This week, I trudged up and down each and every aisle of the Winter Fancy Food Show in San Francisco and tried an overwhelming number of food and drink samples, all in the name of finding the tastiest, weirdest, and newest products out on store shelves.
Besides subjecting my taste buds to way too many different things, I also noticed an interesting trend in packaging that I hadn't seen much before. Can you guess what it is?
Instead of things being labeled gluten-free (which, according to FDA labeling rules, must have a gluten limit of less than 20 parts per million), I saw lots of packages with "grain-free" labels. Or packages that had both — gluten- and grain-free. There were tons of grain-free granolas and snack products, such as OHi Superfood Bars, Wildway Granola, and Bubba's Snack Mixes.

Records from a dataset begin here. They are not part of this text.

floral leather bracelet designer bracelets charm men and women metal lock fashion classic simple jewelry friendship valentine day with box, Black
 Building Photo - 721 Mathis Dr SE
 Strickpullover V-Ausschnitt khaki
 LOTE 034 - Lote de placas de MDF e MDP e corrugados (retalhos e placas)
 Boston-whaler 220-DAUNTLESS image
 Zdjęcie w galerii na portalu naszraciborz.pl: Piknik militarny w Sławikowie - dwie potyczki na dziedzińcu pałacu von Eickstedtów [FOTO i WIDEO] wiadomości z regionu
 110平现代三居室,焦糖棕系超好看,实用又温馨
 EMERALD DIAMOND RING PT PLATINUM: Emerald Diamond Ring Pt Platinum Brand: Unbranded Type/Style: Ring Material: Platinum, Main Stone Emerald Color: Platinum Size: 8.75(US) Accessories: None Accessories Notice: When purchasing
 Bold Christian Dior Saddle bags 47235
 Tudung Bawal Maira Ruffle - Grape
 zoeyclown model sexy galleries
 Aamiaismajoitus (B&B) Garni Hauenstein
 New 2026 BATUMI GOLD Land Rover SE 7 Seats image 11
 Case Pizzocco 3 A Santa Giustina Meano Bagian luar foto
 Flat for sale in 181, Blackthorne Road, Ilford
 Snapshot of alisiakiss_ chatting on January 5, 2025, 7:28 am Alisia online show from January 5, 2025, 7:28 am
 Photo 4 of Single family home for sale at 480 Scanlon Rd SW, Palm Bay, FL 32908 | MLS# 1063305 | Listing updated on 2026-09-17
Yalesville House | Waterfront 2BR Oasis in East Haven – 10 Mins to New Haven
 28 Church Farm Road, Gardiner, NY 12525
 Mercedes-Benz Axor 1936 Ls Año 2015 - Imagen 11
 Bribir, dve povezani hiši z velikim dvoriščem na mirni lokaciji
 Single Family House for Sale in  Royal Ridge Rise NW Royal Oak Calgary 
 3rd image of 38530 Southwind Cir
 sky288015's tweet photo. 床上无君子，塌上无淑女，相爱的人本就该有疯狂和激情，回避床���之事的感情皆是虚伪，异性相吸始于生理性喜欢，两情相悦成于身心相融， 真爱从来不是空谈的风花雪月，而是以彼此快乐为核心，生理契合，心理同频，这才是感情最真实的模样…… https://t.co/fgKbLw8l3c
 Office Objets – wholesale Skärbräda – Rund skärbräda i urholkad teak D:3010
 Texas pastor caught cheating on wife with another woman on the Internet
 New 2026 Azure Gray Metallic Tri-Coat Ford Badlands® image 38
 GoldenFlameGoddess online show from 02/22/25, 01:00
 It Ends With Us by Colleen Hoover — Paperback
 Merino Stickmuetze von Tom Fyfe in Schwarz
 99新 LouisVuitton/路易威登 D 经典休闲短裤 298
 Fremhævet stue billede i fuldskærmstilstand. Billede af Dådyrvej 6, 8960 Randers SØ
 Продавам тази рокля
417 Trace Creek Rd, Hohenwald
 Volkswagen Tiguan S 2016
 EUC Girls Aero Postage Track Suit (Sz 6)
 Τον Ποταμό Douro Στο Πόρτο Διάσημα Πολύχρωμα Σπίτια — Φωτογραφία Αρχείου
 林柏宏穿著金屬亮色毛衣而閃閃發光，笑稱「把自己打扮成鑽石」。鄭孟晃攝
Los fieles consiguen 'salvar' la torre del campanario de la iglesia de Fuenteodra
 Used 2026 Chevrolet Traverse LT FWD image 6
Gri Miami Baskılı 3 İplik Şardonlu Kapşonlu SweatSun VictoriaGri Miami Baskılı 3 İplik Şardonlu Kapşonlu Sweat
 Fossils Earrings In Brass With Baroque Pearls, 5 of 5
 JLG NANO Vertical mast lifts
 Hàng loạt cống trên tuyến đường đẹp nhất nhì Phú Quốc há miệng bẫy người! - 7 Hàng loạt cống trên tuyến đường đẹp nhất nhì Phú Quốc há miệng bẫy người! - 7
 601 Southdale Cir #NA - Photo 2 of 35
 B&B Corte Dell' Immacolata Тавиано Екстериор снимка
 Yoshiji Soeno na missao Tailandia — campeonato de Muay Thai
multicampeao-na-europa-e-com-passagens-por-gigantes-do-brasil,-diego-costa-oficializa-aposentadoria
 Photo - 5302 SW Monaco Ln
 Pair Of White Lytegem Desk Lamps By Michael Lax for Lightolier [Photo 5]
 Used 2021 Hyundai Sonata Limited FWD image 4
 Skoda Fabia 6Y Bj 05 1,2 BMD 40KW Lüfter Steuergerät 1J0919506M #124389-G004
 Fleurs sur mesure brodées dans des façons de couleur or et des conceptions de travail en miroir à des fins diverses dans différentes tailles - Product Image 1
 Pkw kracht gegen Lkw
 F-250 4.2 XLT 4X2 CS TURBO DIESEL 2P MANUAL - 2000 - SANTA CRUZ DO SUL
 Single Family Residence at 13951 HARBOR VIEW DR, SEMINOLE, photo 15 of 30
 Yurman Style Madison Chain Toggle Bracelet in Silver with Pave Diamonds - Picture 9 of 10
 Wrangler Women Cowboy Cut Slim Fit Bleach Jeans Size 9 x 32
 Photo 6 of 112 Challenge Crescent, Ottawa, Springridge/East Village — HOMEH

Not entirely sure what grain-free meant, I did a little digging to gain a better understanding of what it is and how it it's different than gluten free, and here's what I found.
What does it mean if something is grain-free?
Gluten-free products don't have grains like wheat or barley that naturally contain gluten, but grain-free products go one step further and don't have any grains at all, including gluten-free grains like rice and oats. This increase in grain-free labeling seems to fall in line with the popular Paleo and Whole30 diets, both of which omit grains entirely. The grain-free snack products I saw usually contained dried fruits, nuts, and seeds instead.
So what does this mean to you when you're in the store? On the one hand, those eating Paleo and Whole30 will probably have an easier time finding compliant foods, but it may be confusing to those who are shopping for more traditional snacks or things like oat-based granolas. As always, read ingredient lists carefully before purchasing so that there are no surprises when you actually open up the package and start eating!
Have you started seeing this label on groceries yet?